Tuna-2: Pixel Embeddings Beat Vision Encoders for Multimodal Understanding and Generation
This work challenges the prevailing reliance on pretrained vision encoders in multimodal AI, offering a simpler and potentially more scalable architecture for both understanding and generation tasks.
Tuna-2 introduces a native unified multimodal model that operates directly on pixel embeddings, eliminating the need for pretrained vision encoders. It achieves state-of-the-art performance on multimodal benchmarks and demonstrates that pixel-space modeling can compete with latent-space approaches for image generation, while also improving fine-grained visual perception at scale.

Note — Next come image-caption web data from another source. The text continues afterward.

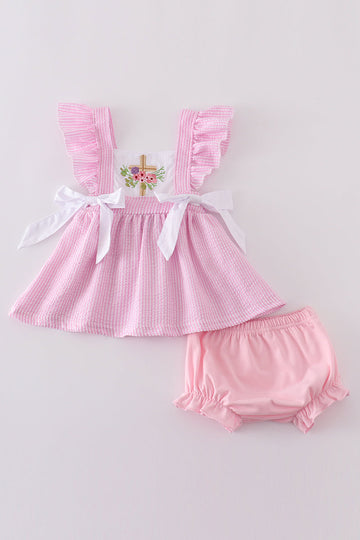 Pink seersucker bloomer set with cross floral embroidery, perfect for spring outings.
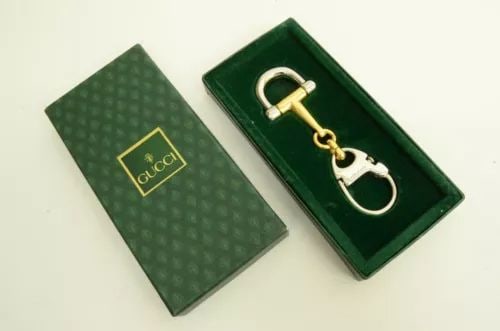 Authentic Gucci Gold Silver Plated Half Horsebit Keychain Accessory Buckle Clip (1 of 2)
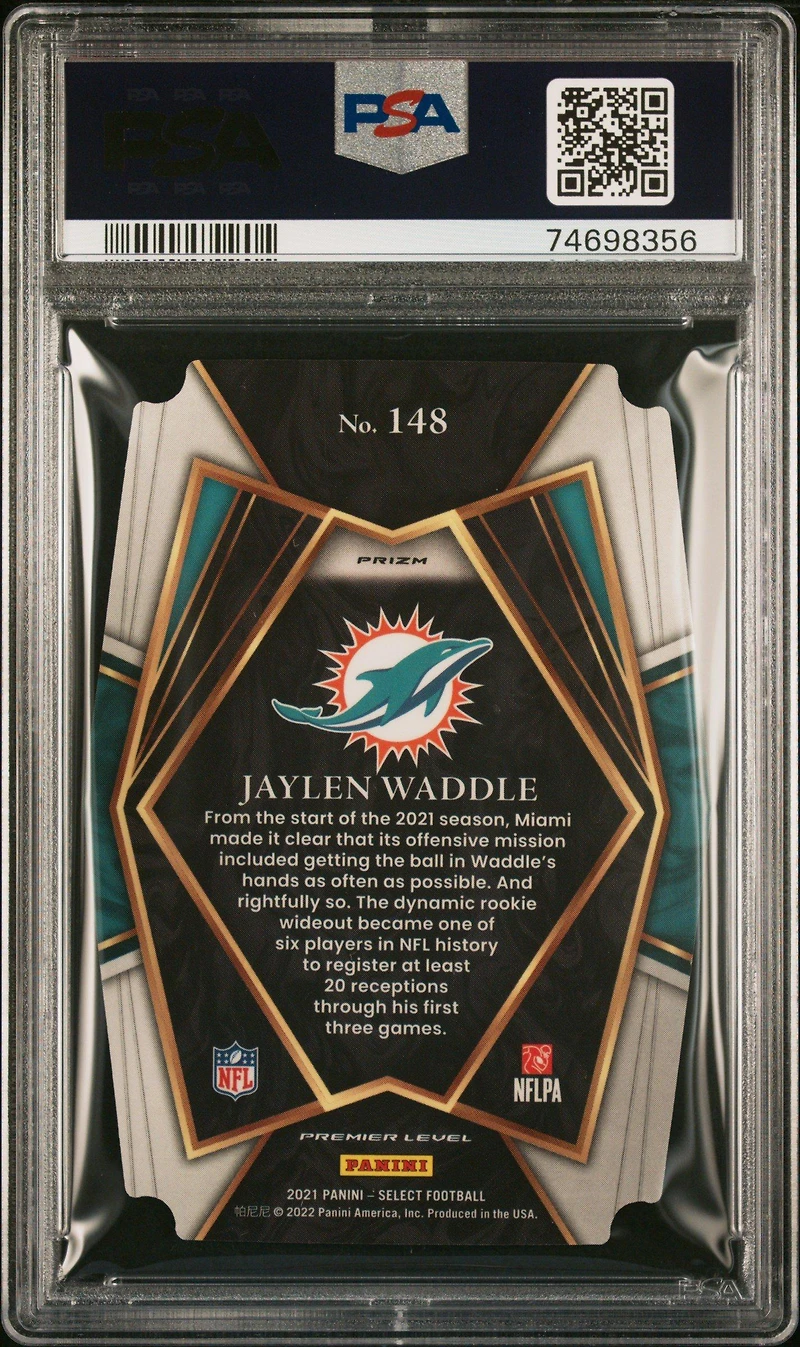 2021 Panini Select 148 Jaylen Waddle Die-cut Red/blue Prizm PSA 9
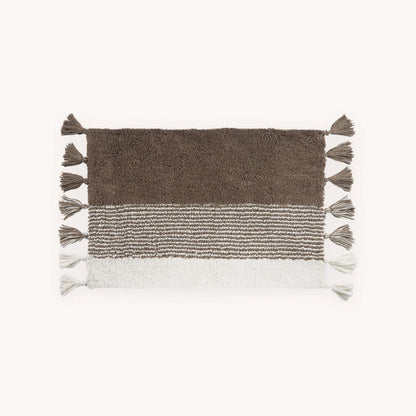 Cotton Reversible Bath Mat - Half Thin Stripe Taupe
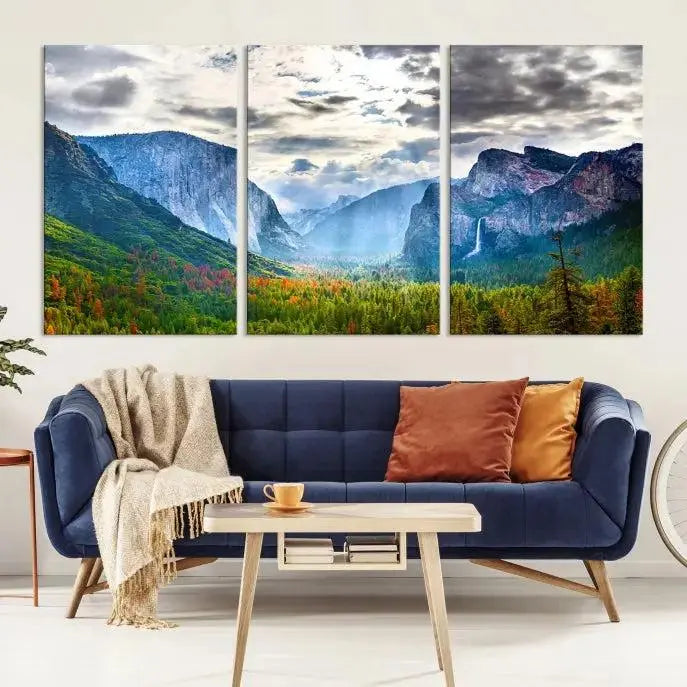 A set of Yosemite National Park El Capitan Landscape Canvas Prints features a breathtaking mountainous scene. These prints are on museum-quality canvas, ready to hang, and come with a UV-protective coating for lasting beauty.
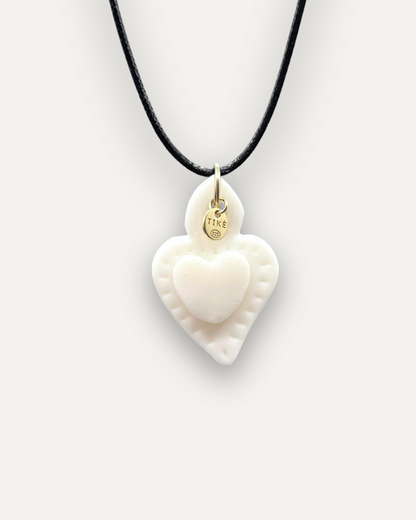 Charms - Ciondolo in Porcellana Cuore Bianco Satinato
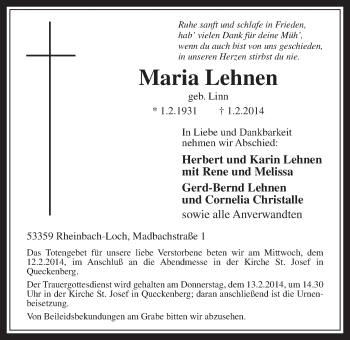 Anzeige von Maria Lehnen von  Schaufenster/Blickpunkt 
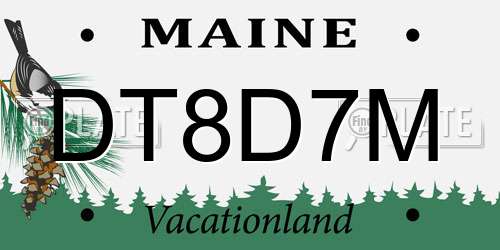 DT8D7M Maine License Plate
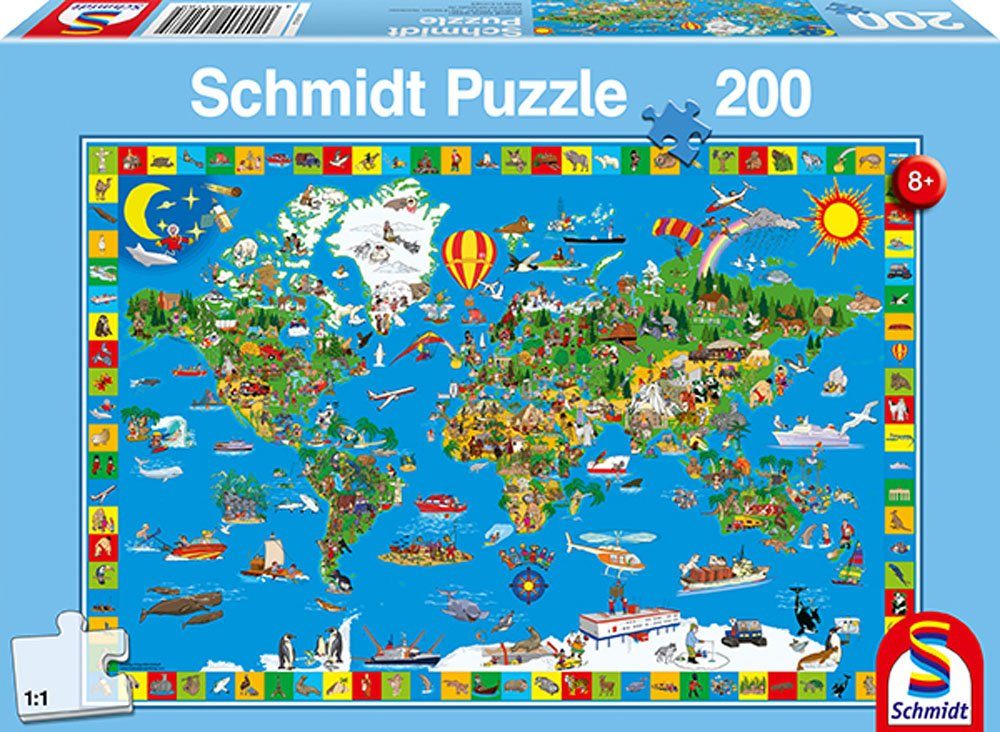 Schmidt Spiele Puzzle Puzzle 200 Teile Bunte Erde, 1 Puzzleteile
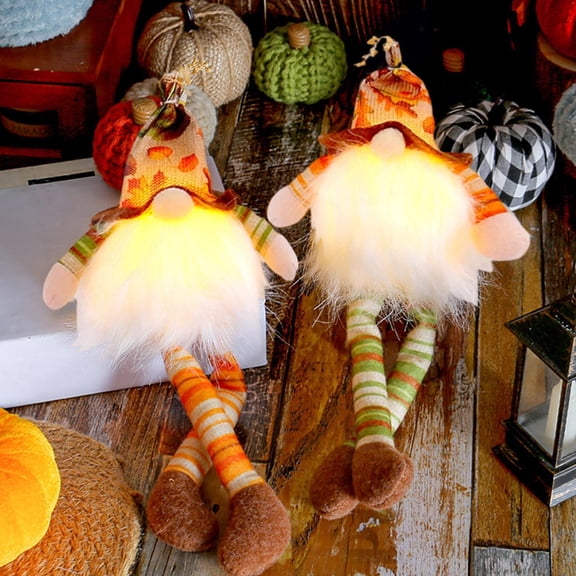 Halloween Sale Clearance!Fall Decorations for Home, Fall Light Up Faceless Gnome Ornament Long Leg Maple Leaf Doll Hanging Decor For Thanksgiving Table Scene Layout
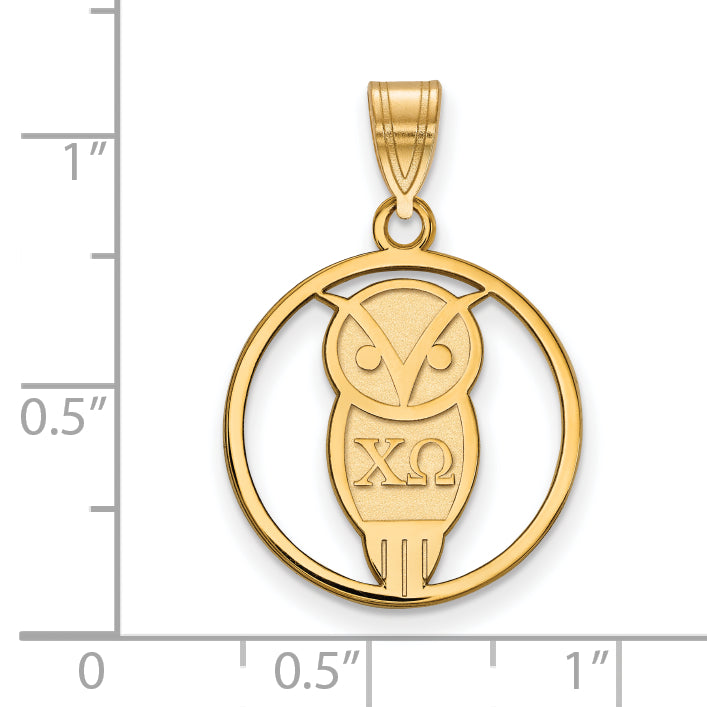 Gold Plated Sterling Silver Logoart Chi Omega Sorority Symbol Medium Circle Pendant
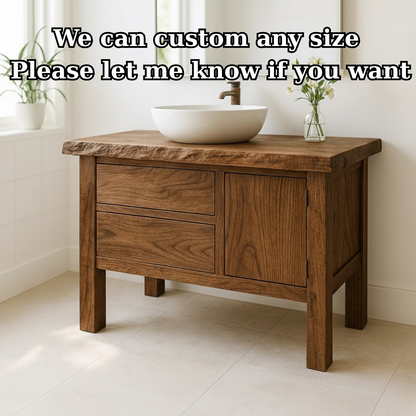 Handcrafted Solid Wood Bathroom Vanity - Live Edge Top, 2 Drawers & Single Door Cabinet Kitchnce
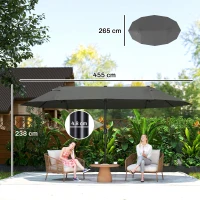 Outsunny Ombrellone da Giardino Doppio da Giardino 4.6x2.7 m a 12 Stecche con Prese d'Aria e Manovella, Ombrellone per Esterno in Acciaio e Poliestere, Anti UV, per Balcone e Terrazza, Grigio(m-3)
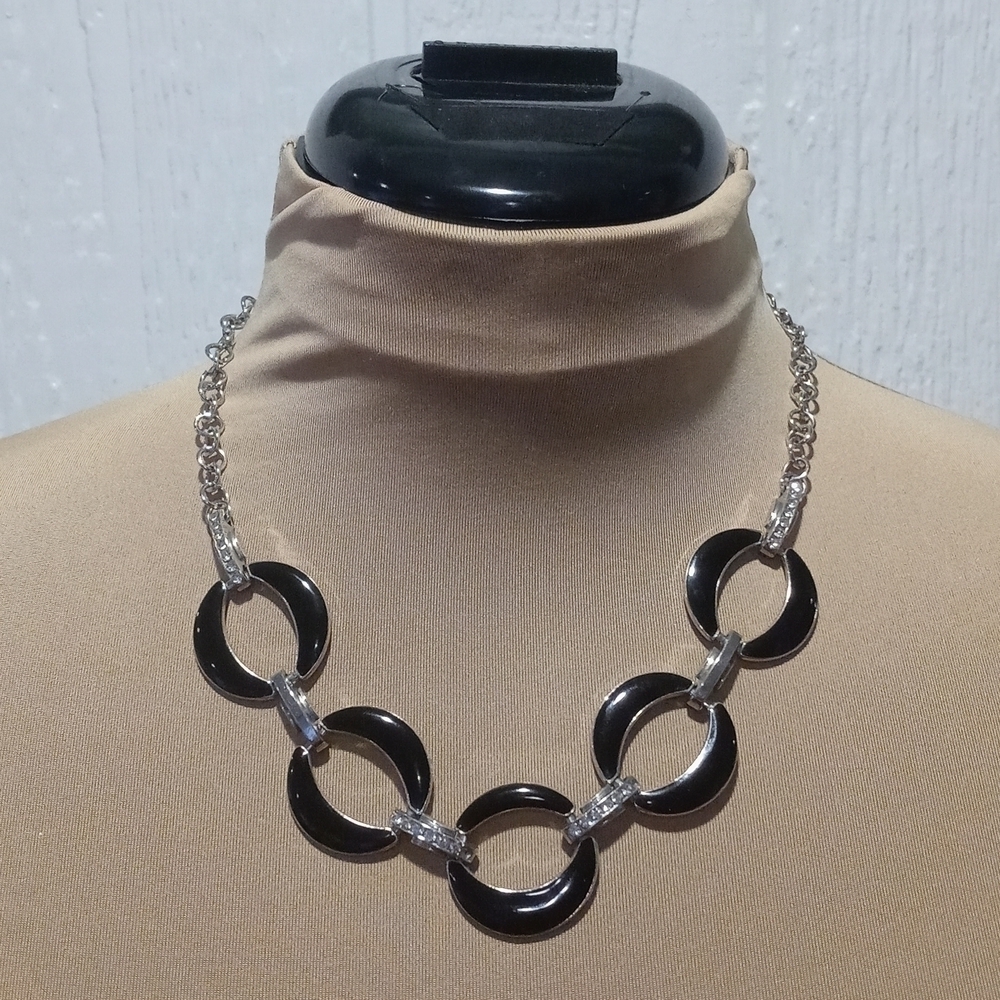 Costume jewelry necklace black and silver tone statement piece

Unified multimodal models typically rely on pretrained vision encoders and use separate visual representations for understanding and generation, creating misalignment between the two tasks and preventing fully end-to-end optimization from raw pixels. We introduce Tuna-2, a native unified multimodal model that performs visual understanding and generation directly based on pixel embeddings. Tuna-2 drastically simplifies the model architecture by employing simple patch embedding layers to encode visual input, completely discarding the modular vision encoder designs such as the VAE or the representation encoder. Experiments show that Tuna-2 achieves state-of-the-art performance in multimodal benchmarks, demonstrating that unified pixel-space modelling can fully compete with latent-space approaches for high-quality image generation. Moreover, while the encoder-based variant converges faster in early pretraining, Tuna-2's encoder-free design achieves stronger multimodal understanding at scale, particularly on tasks requiring fine-grained visual perception. These results show that pretrained vision encoders are not necessary for multimodal modelling, and end-to-end pixel-space learning offers a scalable path toward stronger visual representations for both generation and perception.